What’s more, in Asia, the bulk of supply chain financing remains in the post-shipment part of the working capital cycle. This barely scratches the surface as the majority of supply chain financing needs lie in the pre-shipment part of the cycle. Anecdotally, the pre-shipment section could comprise as much as two thirds of the entire working capital cycle. More critically, this is the area where the typically small-and-medium sized suppliers may often need working capital support to purchase materials or pay salaries to manufacture and deliver their products.

The onset of digital platforms has, for the first time, made it possible to address the huge financing needs currently unmet in the pre-shipment part of the chain.

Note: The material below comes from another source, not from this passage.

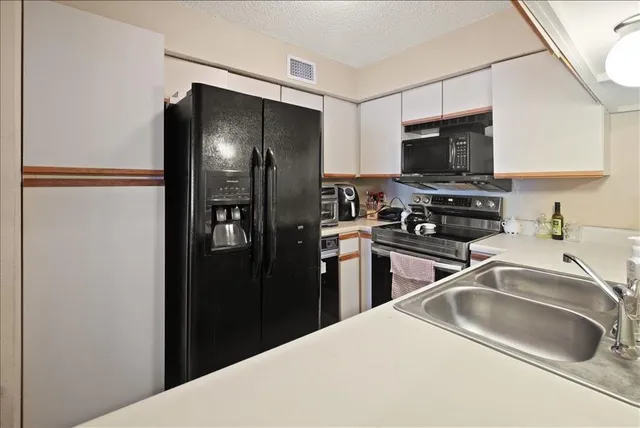 a kitchen with a refrigerator and a sink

Demand for pre-shipment supply chain financing in Asia has remained largely unmet due to the complexity, fragmentation and semi-to-largely-manual processes. This has hampered the ability for banks and financial institutions to underwrite the risk at speed and scale. For instance, a tech multinational firm with a USD 20 bn annual turnover would typically have at least 200 suppliers spread across over 15 countries, each banking with a least a handful of local financial institutions. The logistical challenges of navigating the often-manual backend processes of SMEs, not to mention their multiple domestic banks, have rendered this part of the supply chain rather unfeasible for financing… until now. So, what’s changed? The onset of digital platforms has, for the first time, made it possible to address the huge financing needs currently unmet in the pre-shipment part of the chain. The ‘platformisation’ of data means it’s now possible for banks and financial intermediaries to embark on data-driven underwriting including underwriting pre-shipment risk using AI/ML driven data analytics.

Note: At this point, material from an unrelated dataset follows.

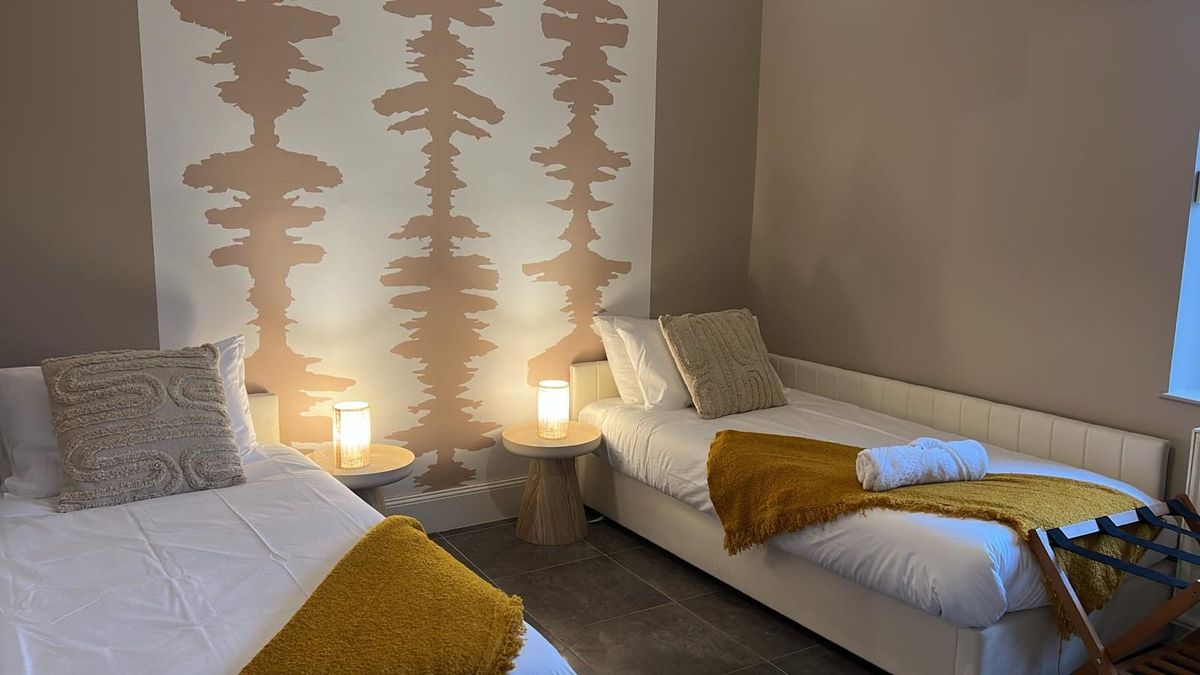 Second bedroom — twin beds & botanical wallpaper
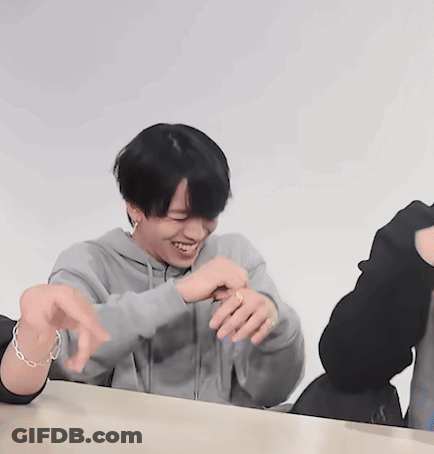 A Man Wearing A Grey Hoodie Is Sitting At A Table With His Hands Outstretched GIF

We, at TASConnect, believe that workflow automation can help penetrate deep into the supply chain to multiple tiers that can’t be reached with the present offerings. Besides, platforms, through the principle of interoperability, can also enable multiple and disparate workflows and activities that are necessary for supplier financing to be done on a single platform, bringing unprecedented levels of efficiency and speed. Some of these functionalities include providing banks and financial institutions with supplier credit profiling, digital onboarding of suppliers, documenting hubs, automated and seamless payment systems, foreign-exchange processing and even the monitoring of supply chain participants through AI model-led, in-situ, software applications.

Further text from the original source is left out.